When you submit a T-SQL query, you tell the SQL Server Engine what you want, but without specifying how to do it for you. Between submitting the T-SQL query to the SQL Server Database Engine and returning the query result to the end user, the SQL Server Engine will perform four internal query processing operations, to convert the query into a format that can be used by the SQL Server Storage Engine easily use to retrieve the requested data, using the processes assigned to the SQL Engine from the Operating System to work on the submitted query.

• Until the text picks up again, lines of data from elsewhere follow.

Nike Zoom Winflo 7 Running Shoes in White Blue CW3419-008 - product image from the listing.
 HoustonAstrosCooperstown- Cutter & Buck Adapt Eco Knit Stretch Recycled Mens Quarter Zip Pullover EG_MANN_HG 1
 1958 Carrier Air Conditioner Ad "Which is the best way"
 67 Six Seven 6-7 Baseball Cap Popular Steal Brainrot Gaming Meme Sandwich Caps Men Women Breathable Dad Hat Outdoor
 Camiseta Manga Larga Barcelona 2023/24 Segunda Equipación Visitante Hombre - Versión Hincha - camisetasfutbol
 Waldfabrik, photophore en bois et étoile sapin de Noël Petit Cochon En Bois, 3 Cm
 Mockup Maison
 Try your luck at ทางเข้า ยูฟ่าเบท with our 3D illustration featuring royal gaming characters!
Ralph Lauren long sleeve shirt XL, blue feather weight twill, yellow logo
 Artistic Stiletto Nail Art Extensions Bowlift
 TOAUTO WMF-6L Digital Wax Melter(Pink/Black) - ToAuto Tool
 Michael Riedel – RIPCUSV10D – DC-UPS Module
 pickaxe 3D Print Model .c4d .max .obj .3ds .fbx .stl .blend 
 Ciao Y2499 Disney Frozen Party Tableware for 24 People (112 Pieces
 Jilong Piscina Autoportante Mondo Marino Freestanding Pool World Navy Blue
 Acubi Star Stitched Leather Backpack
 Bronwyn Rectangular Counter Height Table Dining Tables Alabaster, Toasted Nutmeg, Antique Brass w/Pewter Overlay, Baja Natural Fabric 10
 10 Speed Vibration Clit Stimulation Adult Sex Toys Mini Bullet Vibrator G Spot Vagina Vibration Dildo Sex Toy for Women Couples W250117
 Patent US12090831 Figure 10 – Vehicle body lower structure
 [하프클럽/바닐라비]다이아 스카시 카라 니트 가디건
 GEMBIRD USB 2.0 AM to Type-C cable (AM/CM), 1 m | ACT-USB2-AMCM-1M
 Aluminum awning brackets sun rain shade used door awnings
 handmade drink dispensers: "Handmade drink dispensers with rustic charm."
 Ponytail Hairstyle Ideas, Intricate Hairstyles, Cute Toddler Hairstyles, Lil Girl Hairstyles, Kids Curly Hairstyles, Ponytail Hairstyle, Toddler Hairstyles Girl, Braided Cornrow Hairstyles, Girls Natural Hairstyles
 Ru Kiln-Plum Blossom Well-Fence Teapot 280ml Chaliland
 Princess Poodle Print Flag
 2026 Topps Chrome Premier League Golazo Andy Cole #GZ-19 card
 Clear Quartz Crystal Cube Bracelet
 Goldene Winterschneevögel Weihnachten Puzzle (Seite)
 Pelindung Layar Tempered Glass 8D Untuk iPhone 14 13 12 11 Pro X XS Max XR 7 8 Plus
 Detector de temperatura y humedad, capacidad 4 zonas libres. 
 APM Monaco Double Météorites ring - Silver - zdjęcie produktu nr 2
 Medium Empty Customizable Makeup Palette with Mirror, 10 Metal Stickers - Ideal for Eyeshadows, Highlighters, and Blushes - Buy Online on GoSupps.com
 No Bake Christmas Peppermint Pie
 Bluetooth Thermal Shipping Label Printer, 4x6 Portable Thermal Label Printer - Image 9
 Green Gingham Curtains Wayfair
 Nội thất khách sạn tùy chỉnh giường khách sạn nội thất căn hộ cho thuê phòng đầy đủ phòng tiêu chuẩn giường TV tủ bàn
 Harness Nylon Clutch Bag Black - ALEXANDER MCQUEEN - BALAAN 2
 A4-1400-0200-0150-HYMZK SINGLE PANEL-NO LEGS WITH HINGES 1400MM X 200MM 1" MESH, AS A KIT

The first three processes; Parsing, Algebrizing and Optimizing will be performed by the SQL Server Relational Engine. On the other hand, the Execution step is performed by the SQL Server Storage Engine. If the submitted query is not a Data Manipulation Language (DML) statement, such as CREATE TABLE or ALTER TABLE, there will be no need to optimize that query, as there is only one straight way for the SQL Server Engine to perform that action. The four processing steps that are performed by both the SQL Server Relational Engine and SQL Server Storage Engine are summarized as below:
Once the SQL query is submitted, it will be broken into individual parts and checked by the SQL Server Relational Engine to make sure that it is written in a correct way, with no syntax errors for example, under a process that is called Query Parsing. The result of the query parsing process is the parsing tree. The parsing tree is an internal representation of the query that includes all the steps, also known as preemptive operations, that are followed to execute the provided query. After creating the parsing tree for the DML queries, the Algebrizer will take the generated tree and resolve the names of the different database objects referenced by the submitted query against the system catalog, to make sure that these objects exist in the database and that the user has permission to execute the query. The algebrizer will generate a query tree that will be used in the next step, as shown below:
The query processor tree result, from the algebrizer processing, will be input for the Query Optimizerfor SQL Server Execution Plan. The Query Optimizer is functionality that is responsible for modeling the way the SQL Server Relational Engine works, by creating the most efficient plan to execute the provided query, with the lowest SQL Server resources consumption; this is called the Cost-based Execution Plan. The query optimizer will try different execution methods, reading all table rows, using different indexes, joins and orders and compromising between different resources consumption scenarios, until it ends up with the most optimal execution plan with the least possible cost. The total cost of each candidate execution plan is calculated by assigning a weight for each operation, then summing the cost of all these operations together.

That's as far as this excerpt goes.